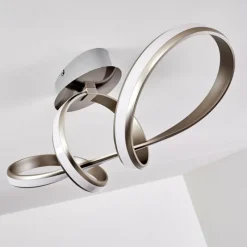 hofstein Plafonnier Woyens LED Acier inoxydable, 1 lumière* Éclairage Led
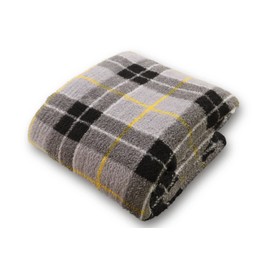 Dazzle Collection Teddy Fleece throw Blanket Tartan Check Style For Kids and Adults Soft & warm Quilt Throw Blanket for Bed and Chaise (Gray, 200cm X 150cm)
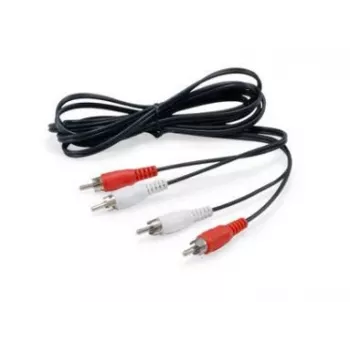 Equip 147094 audio kabelis 2.5 m 2 x RCA Melns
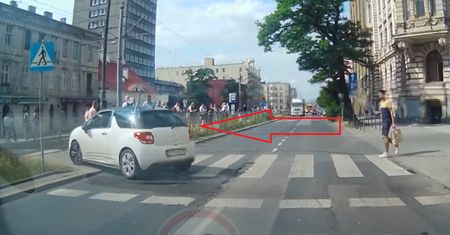 "A ten gdzie jedzie?". Wideo z Łodzi niesie się po sieci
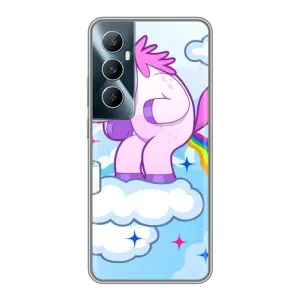 Чохол Unicorn на Realme C65 (Веселка Єдиноріга)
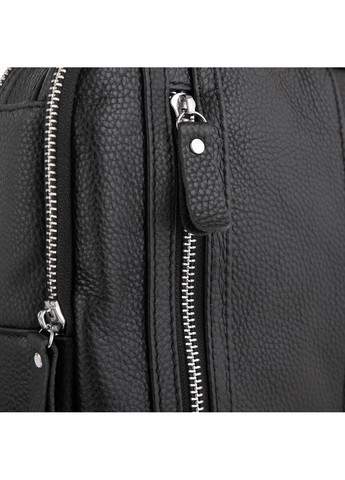 Мужской кожаный слинг на одно плечо черный A25F-693A Tiding Bag (277963183)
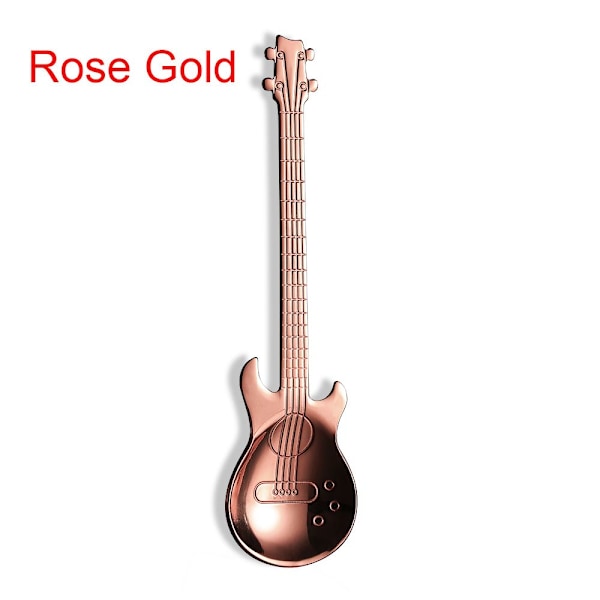 Kaffeskjeer Gitar Shape ROSE GULL rose gold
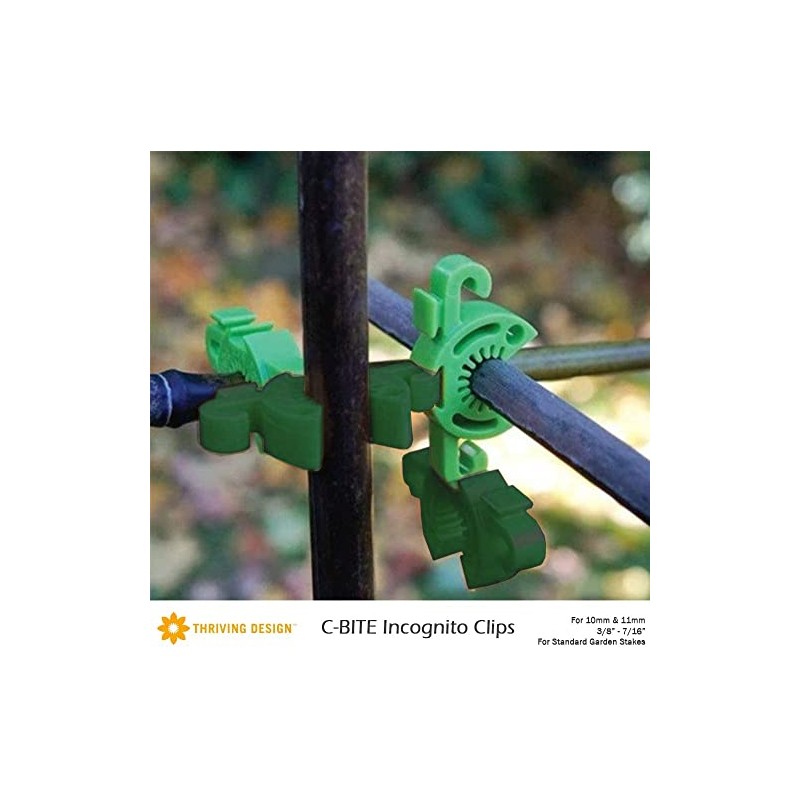Durable Plant Support Clips for Climbing Plants - 100 Pack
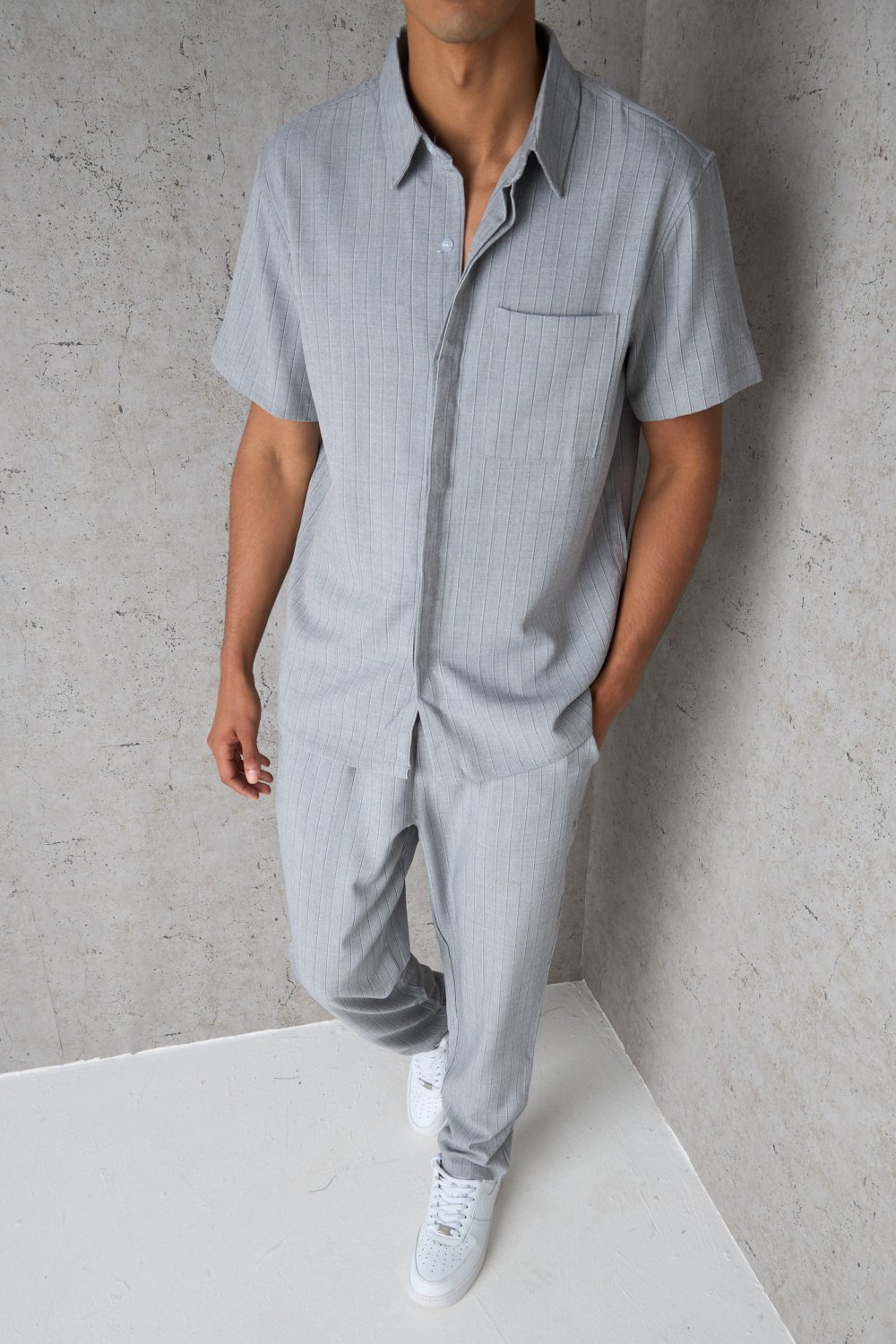 Ensemble chemise w pantalon b khtout rmadi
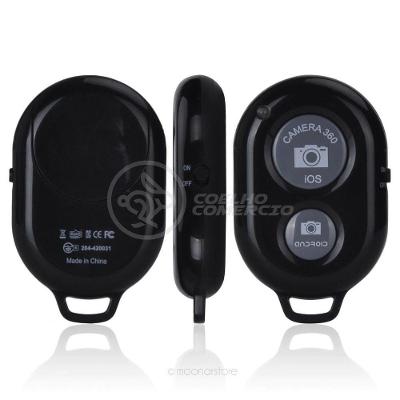 Controle Remoto Disparador De Fotos Bluetooth Selfie - Preto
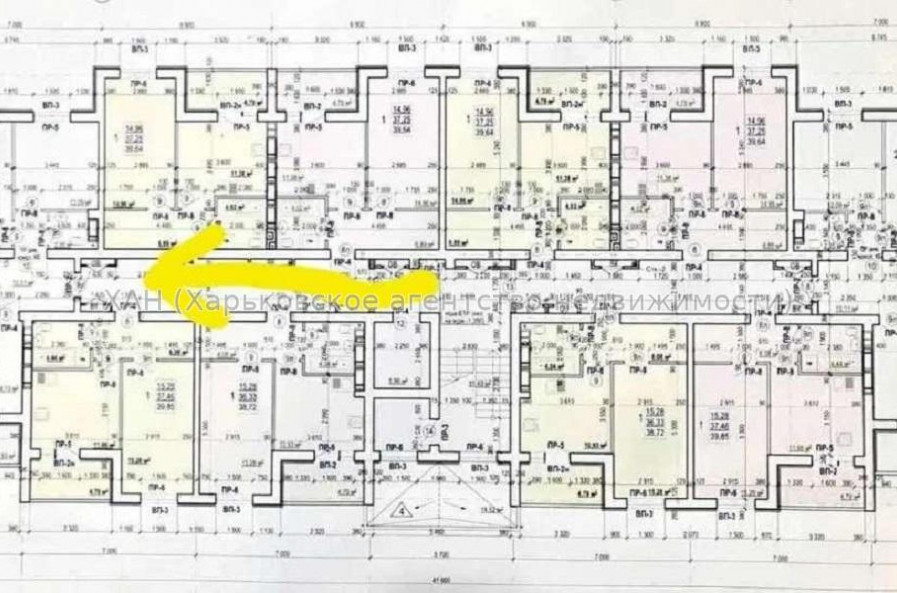 Продам квартиру, Валентиновская ул. , 2 кім., 62 м², без внутренних работ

→ **ACTIVITY**: Starting at the line with "Dazzle Collection Teddy" in the entries above, write out every line exactly until the line with "Controle Remoto Disparador" has been written. Include no pictures and nothing more.

→ **EXERCISE SOLUTION**:
 Dazzle Collection Teddy Fleece throw Blanket Tartan Check Style For Kids and Adults Soft & warm Quilt Throw Blanket for Bed and Chaise (Gray, 200cm X 150cm)
 Equip 147094 audio kabelis 2.5 m 2 x RCA Melns
 "A ten gdzie jedzie?". Wideo z Łodzi niesie się po sieci
 Чохол Unicorn на Realme C65 (Веселка Єдиноріга)
 Мужской кожаный слинг на одно плечо черный A25F-693A Tiding Bag (277963183)
 Kaffeskjeer Gitar Shape ROSE GULL rose gold
Durable Plant Support Clips for Climbing Plants - 100 Pack
 Ensemble chemise w pantalon b khtout rmadi
 Controle Remoto Disparador De Fotos Bluetooth Selfie - Preto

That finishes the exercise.